═══ EXTRACTED INFORMATION ═══

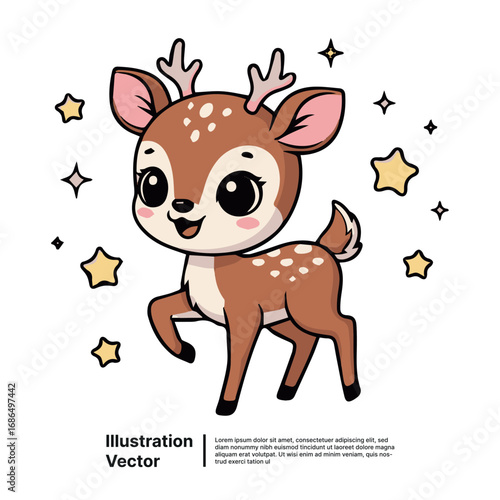 Adorable Baby Deer Cartoon Illustration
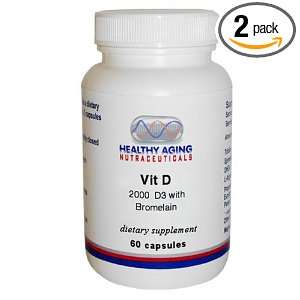 Healthy Aging Nutraceuticals Vit D 2000 D3 With Bromelain 60 Capsules 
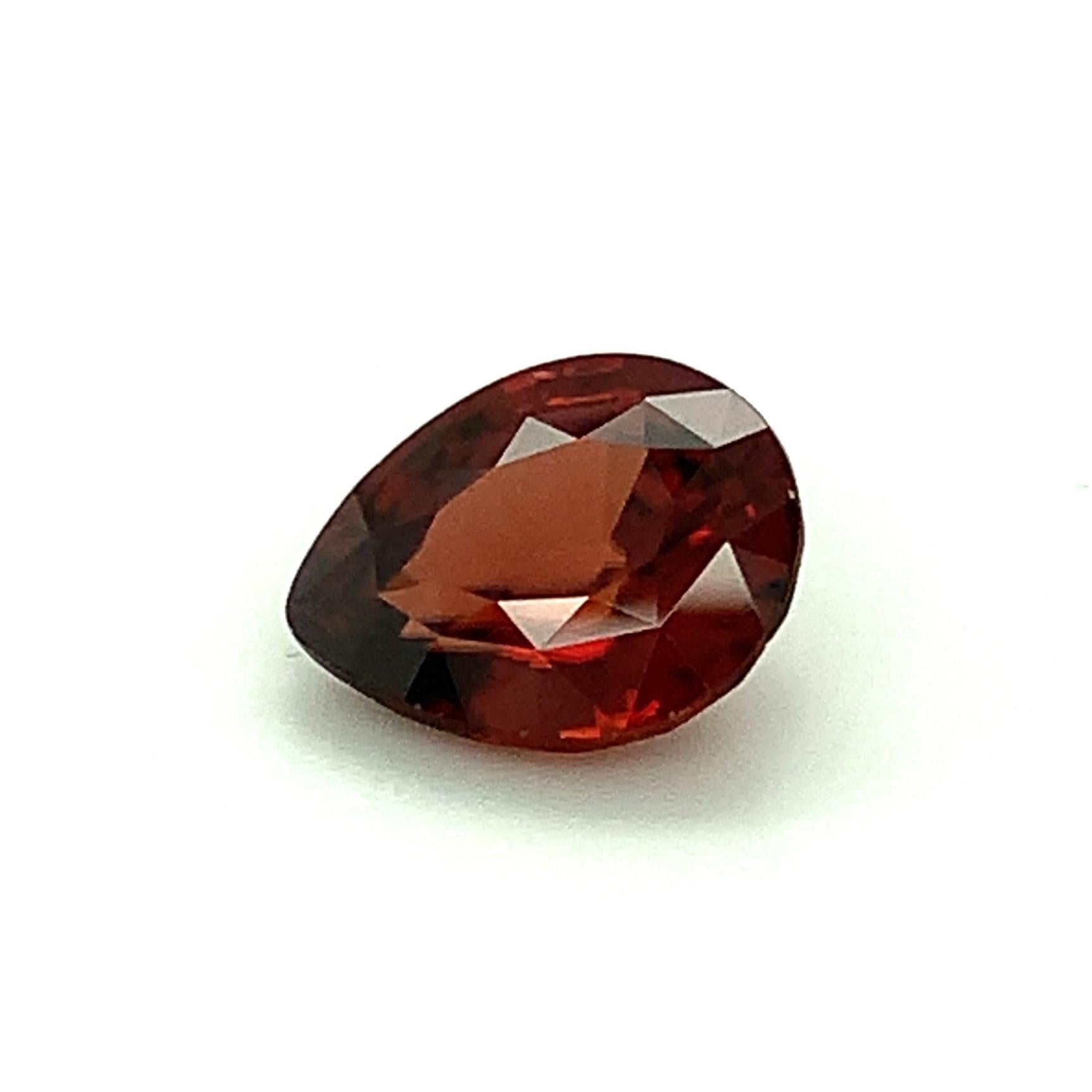 6.25 Carat Red Orange Zircon Pear, Unset Loose Gemstone For Sale 1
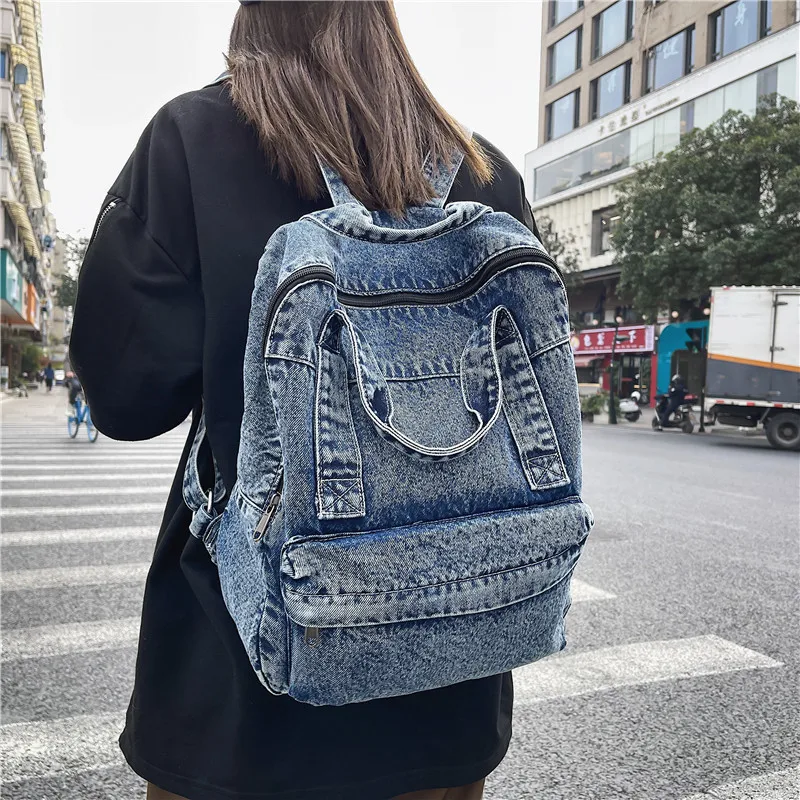 Нов Деним женски раница в Ретро стил, Пътна чанта, раница с Голям капацитет, ученически чанти за студенти за момичета, Rugtas . ' - ' . 0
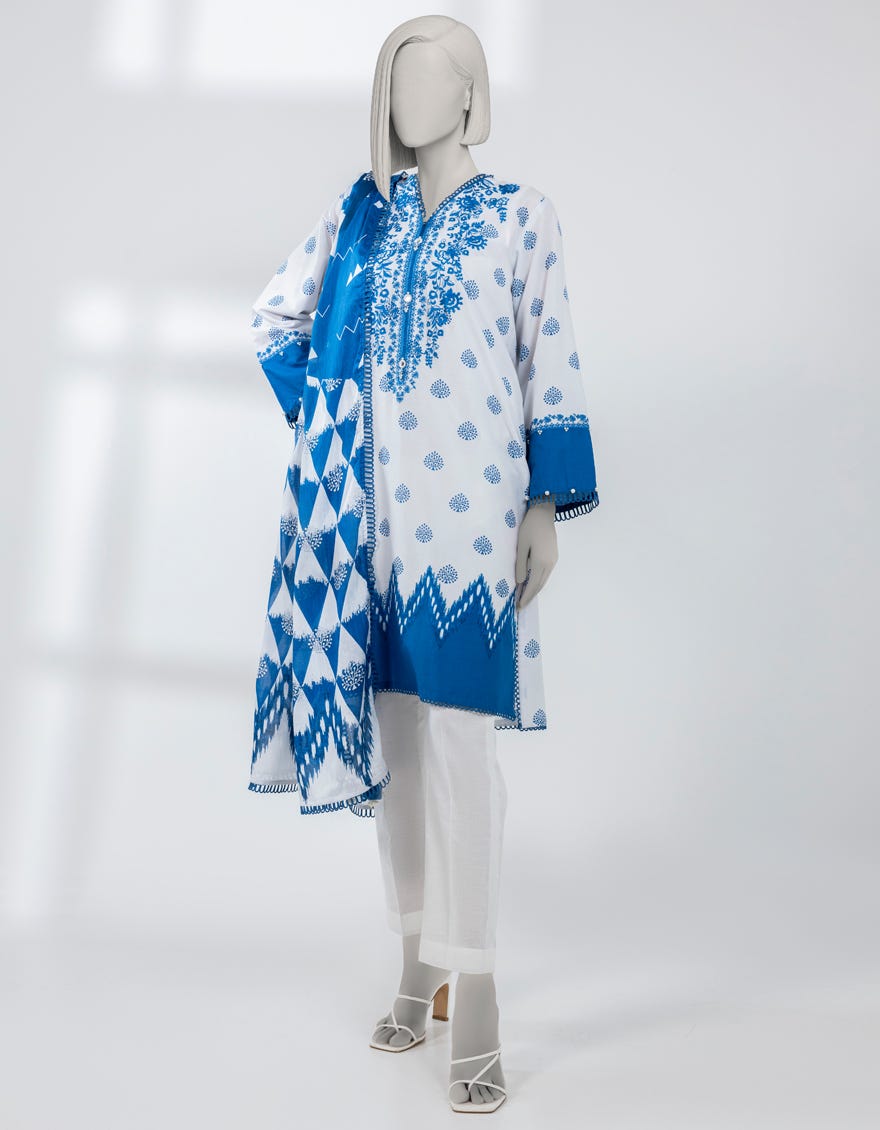 WHITE LAWN EMBROIDERED UNSTITCHED 2PC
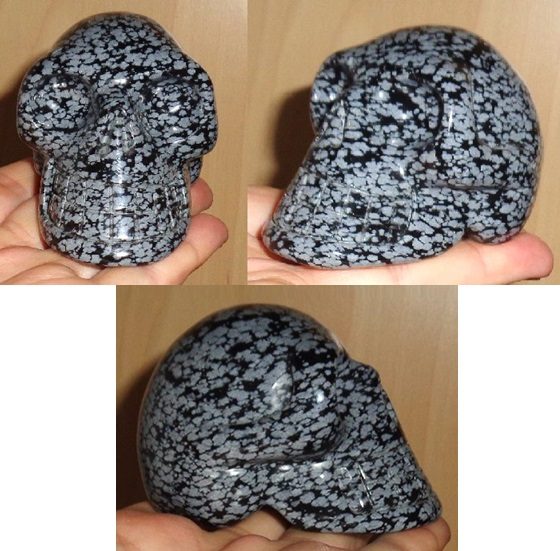 Schneeflockenobsidian Kristallschädel 245 g 250 g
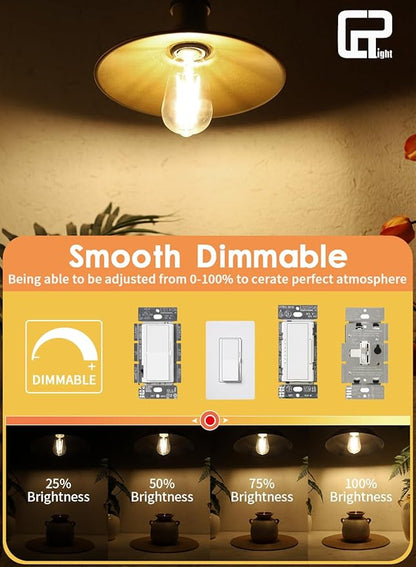 CRLight Dimmable Edison Bulbs, 6W 65W 650LM 3000K Soft White, ST58 = ST19 Vintage LED Light Bulb, 90+ CRI, E26 Medium Base, Clear Glass Style for Living Room, Bedroom, Home Decor, 10 Pack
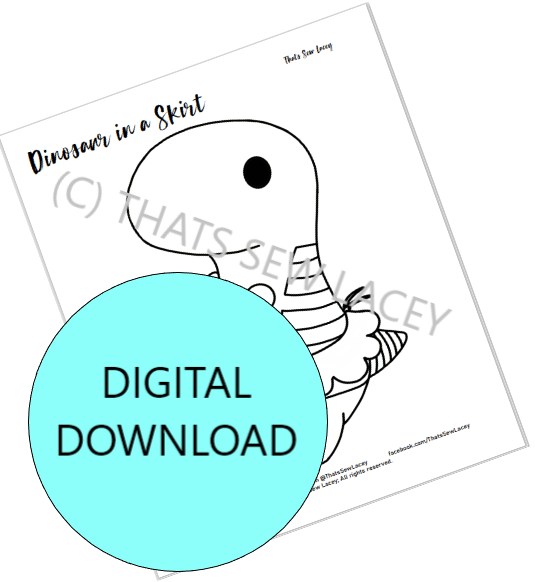 Dinosaur in a Skirt - Single Coloring Page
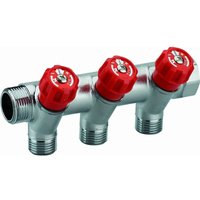 Noyon&thiebault - Verteiler mit integrierter Armatur roter Griff männlich weiblich MF3/4' (20x27), 3 Abgänge männlich M1/2' (15x21) Scheibe zur von NOYON & THIEBAULT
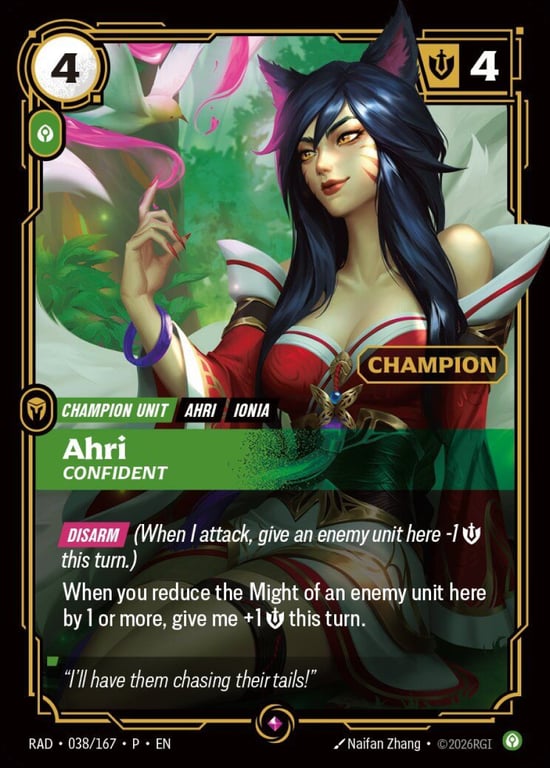 Ahri, Confident, Riftbound card RAD-038-c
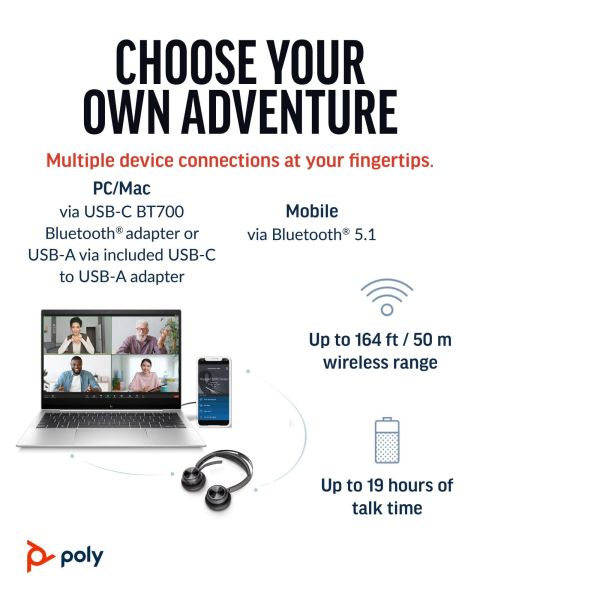 HP Poly VFocus2 USB-C Headset (76U47AA)
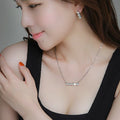 Crystal-Embellished Marni Necklace: silver, clear/white jewelry set, minimal elegant style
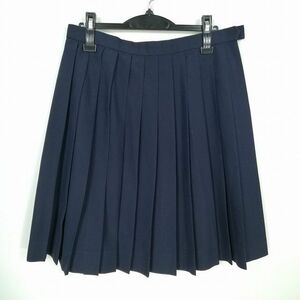 1円 スクールスカート 大きいサイズ 冬物 w72-丈55 紺 中学 高校 プリーツ 学生服 制服 女子 中古 IN7206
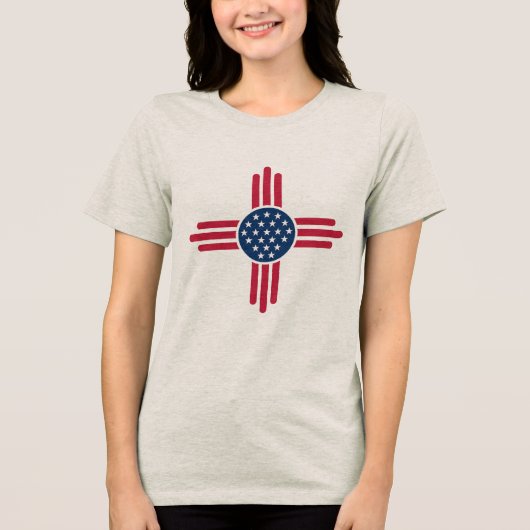 ミニマリストアメリカンZiaシンボル - クリーンな現代のUSA トライブレンドTシャツ (正面)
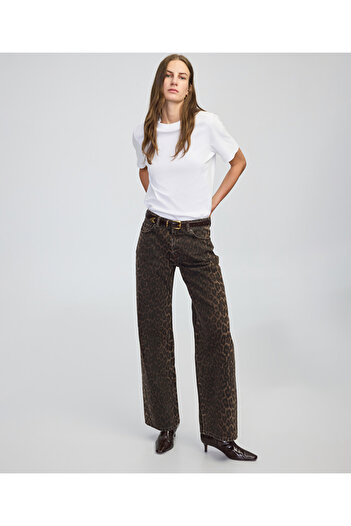 İpekyol Leopard Print Palazzo Jeans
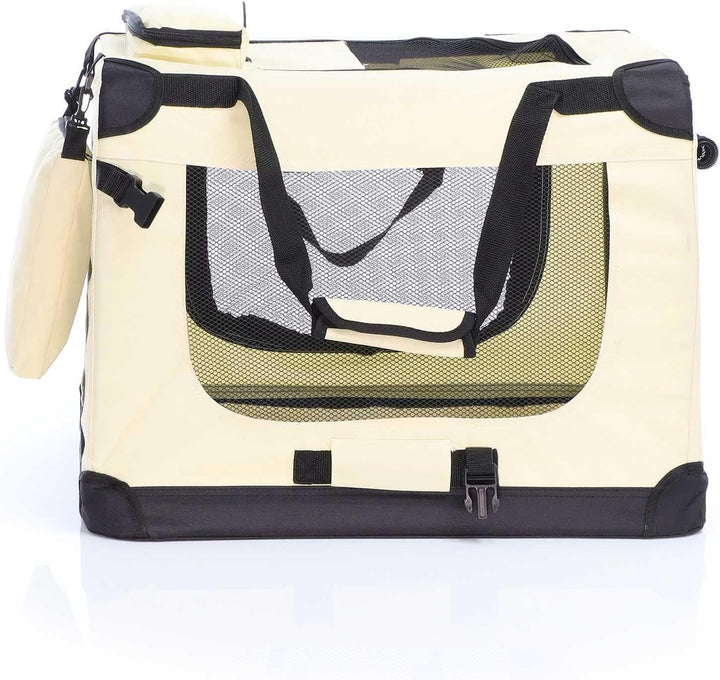 Fudajo Faltbare Transportbox in Beige für Haustiere, Grösse M (60x42x44cm), Tragegriff, Liegedecke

═══

WHAT THE TASK ASKS
Return all the material exactly, pictures excluded.

EXERCISE RESPONSE
 Adorable Baby Deer Cartoon Illustration
 Healthy Aging Nutraceuticals Vit D 2000 D3 With Bromelain 60 Capsules 
 6.25 Carat Red Orange Zircon Pear, Unset Loose Gemstone For Sale 1
 Нов Деним женски раница в Ретро стил, Пътна чанта, раница с Голям капацитет, ученически чанти за студенти за момичета, Rugtas . ' - ' . 0
 WHITE LAWN EMBROIDERED UNSTITCHED 2PC
 Schneeflockenobsidian Kristallschädel 245 g 250 g
 CRLight Dimmable Edison Bulbs, 6W 65W 650LM 3000K Soft White, ST58 = ST19 Vintage LED Light Bulb, 90+ CRI, E26 Medium Base, Clear Glass Style for Living Room, Bedroom, Home Decor, 10 Pack
 Dinosaur in a Skirt - Single Coloring Page
 Noyon&thiebault - Verteiler mit integrierter Armatur roter Griff männlich weiblich MF3/4' (20x27), 3 Abgänge männlich M1/2' (15x21) Scheibe zur von NOYON & THIEBAULT
 Ahri, Confident, Riftbound card RAD-038-c
 HP Poly VFocus2 USB-C Headset (76U47AA)
 Crystal-Embellished Marni Necklace: silver, clear/white jewelry set, minimal elegant style
 1円 スクールスカート 大きいサイズ 冬物 w72-丈55 紺 中学 高校 プリーツ 学生服 制服 女子 中古 IN7206
 ミニマリストアメリカンZiaシンボル - クリーンな現代のUSA トライブレンドTシャツ (正面)
 İpekyol Leopard Print Palazzo Jeans
 Fudajo Faltbare Transportbox in Beige für Haustiere, Grösse M (60x42x44cm), Tragegriff, Liegedecke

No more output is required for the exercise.